If you're new to the blog please click on the following link to read about Jaylan Khristian's backstory.

http://jaylankhristian-ourblessing.blogspot.com/2011/07/our-backstory-of-jaylan-khristian.html







Tuesday, October 4, 2011

Day 4 at ACH...We're back at Your throne BOLDLY and specifically...

Like a ship that's tossed and driven, battered by an angry sea.  When the storms of life are raging, and the fury falls on me.  I wonder what I have done, to make this race so hard to run.  Then I say, to my soul don't worry Oh, the Lord will make a way somehow.

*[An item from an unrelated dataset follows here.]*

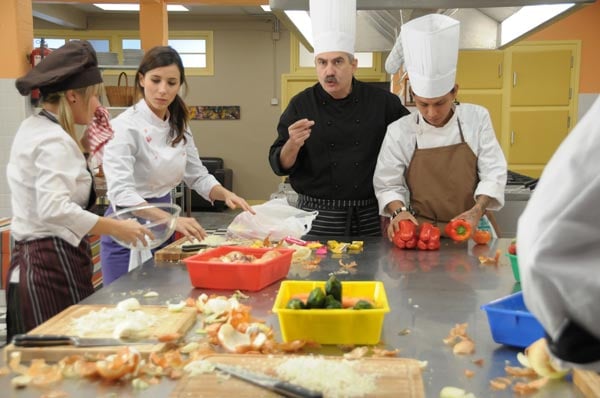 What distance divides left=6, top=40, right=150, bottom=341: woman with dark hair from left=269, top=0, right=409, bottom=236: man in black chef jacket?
910mm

Yes Jay the angry sea is all around you.  Your storms are raging and you don't even know it.  Mama knows your race is hard and I wish I could run it for you, but we trust God, that He has your soul.  We trust God that He's running your race.  Don't worry baby girl, the Lord will make a way.  God got this and God got you.  You're covered. 
Love Mama

I think I sing this song about 20 times a day to Jay. It comforts her and settles her down.  She calms down and stares at me as if she's saying "okay mama".  Priceless.  Yesterday was a really tough day for us.  Her doctor feels that everything that's happening is just the progression of her disease.  We are out of ICU and in a regular room since all of her tests came back negative for infection.  Thankfully last night Jay had a pretty good night.  I'm sure she's so worn out from everyone touching her and invading her space.  I think she eventually got up to a pound and a half of fluid and finally it's starting to go down.  I can't imagine how miserable she must feel I just pray that God comforts her to no end.  We should get her swallow study done today although the speech therapist isn't sure if it will help anything.   Thicker liquids are usually good to help a baby not aspirate but in Jay's case she already has so much secretion in the back of her throat (very common for trisomy babies) that the thicker liquid isn't helping her. This secretion tends to weaken their lungs until they just stop breathing.  It could have possibly had something to do with her not being able to take the next breath last Saturday morning.  We should be getting dismissed today, but we haven't seen a doctor.  We have lots of hard decisions to make.  Decisions that a mom or dad would never want to make.  Right now, we are coming boldly and specifically before His throne of grace asking that God opens her airway Himself.  Reduce the secretion, Mold her heart, Develop that brain, Strengthen those lungs dear Lord, ease her pain, hold her in Your arms Lord.  We trust you.  We believe in Your Almighty power.  We are thankful Lord.  Thankful for Your showering grace.  Thankful for the blessing of Life.  Thankful for the purity of Your goodness.  We need wisdom Lord.  We need guidance to make the right decisions in baby girl's life.  Not decisions about what we think should be done, but decisions that follow the plan that You formed so long ago.  Keep Your Spirit and Your angels encamped all around her Lord.  Keep her peaceful at all times Lord. You know her needs.  SHE needs You.  Lord You are the greatest and we trust You.  Move us out of Your way to do what You do because You do it best.  Clean our hearts Lord and receive our prayer.  In Jesus name!  God is good.